Le terrorisme d’État d’hier prend aujourd’hui la forme d’entreprises forestières, minières, piscicoles ou énergétiques qui transforment des régions entières en « zones de sacrifice », au mépris de la biodiversité et de la vie humaine. Les défenseurs de l’environnement sont criminalisés : certains Mapuche sont emprisonnés, d’autres assassinés, et des cas de disparition forcée persistent, comme celui de Julia Chuñil Catricura, disparue depuis neuf mois.

Souvent subventionnées par l’État, ces entreprises bénéficient d’une impunité quasi totale. En protégeant leurs installations par la police et l’armée – via la militarisation et l’état d’urgence permanent dans les régions du Biobío et d’Araucanie depuis le début du gouvernement Boric – l’État se rend complice des violations commises et de l’absence de réparation environnementale.

Les Mapuche subissent une double violence : judiciaire, avec des procès biaisés et des témoins anonymes issus des forces de l’ordre ; et existentielle, avec des entrepreneurs néocolonialistes qui menacent leurs terres et leur mode de vie.
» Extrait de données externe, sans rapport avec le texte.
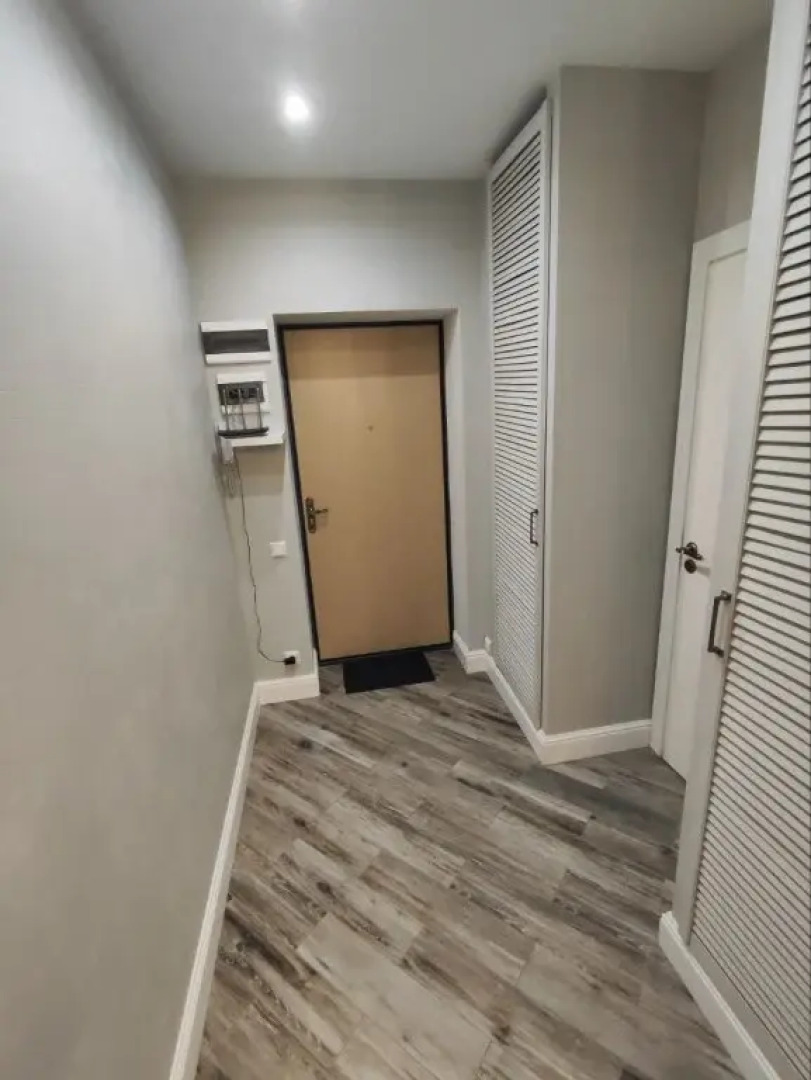 Апартаменты Отрада №6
Tant que perdurera le modèle hérité de la dictature et que les peuples autochtones seront privés de souveraineté sur leurs biens communs et leurs ressources, les droits humains resteront illusoires.
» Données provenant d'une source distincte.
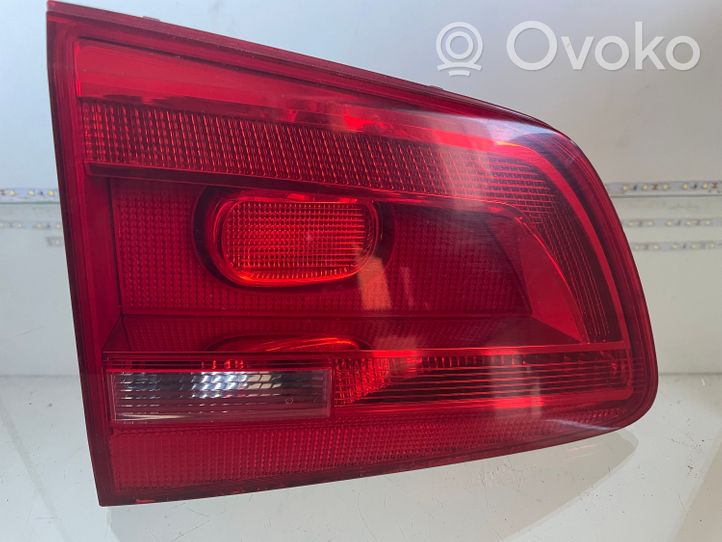 Volkswagen Touran II Luces portón trasero/de freno 176443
Juana Aguilera Jaramillo lors d’un rassemblement en hommage aux victimes de la dictature en juillet 2025 à Santiago, Chili | PHOTO / BRUNO SAVELLI

ACAT-France : Quel rôle jouent les Mapuche dans la protection de l’environnement au Chili ?

J. A. J. : Pour les Mapuche, la terre est une mère : on ne l’exploite pas, on ne l’empoisonne pas, on en prend soin. Leur relation à l’environnement repose sur le respect de la nature et la préservation des forêts natives, étroitement liées à l’eau, aux zones humides, aux rivières et à la biodiversité.

Après des décennies d’exploitation forestière, les monocultures ont remplacé ces forêts, appauvri la biodiversité et stérilisé les sols. Face à cela, les Mapuche s’opposent aux entreprises forestières qui détruisent les lieux ancestraux, menacent et maltraitent les travailleurs, harcèlent les communautés et les poussent au déplacement. Beaucoup mènent aussi des actions pour récupérer les terres accaparées par ces entreprises.

ACAT-France : La Commission Éthique contre la torture a récemment conclu un partenariat avec l’ACAT-France. Que représente cet accord pour votre fondation ?

J. A. J. : Cet accord renforce notre lutte juridique pour faire toute la lumière sur la disparition forcée de Julia Chuñil Catricura, identifier et sanctionner les responsables, y compris le grand propriétaire terrien qui la menaçait. Il permet de soutenir sa famille, de mobiliser la société civile et de rappeler à l’État chilien son devoir de faire respecter réellement le « plus jamais » aux violations des droits humains, partout et pour toutes et tous.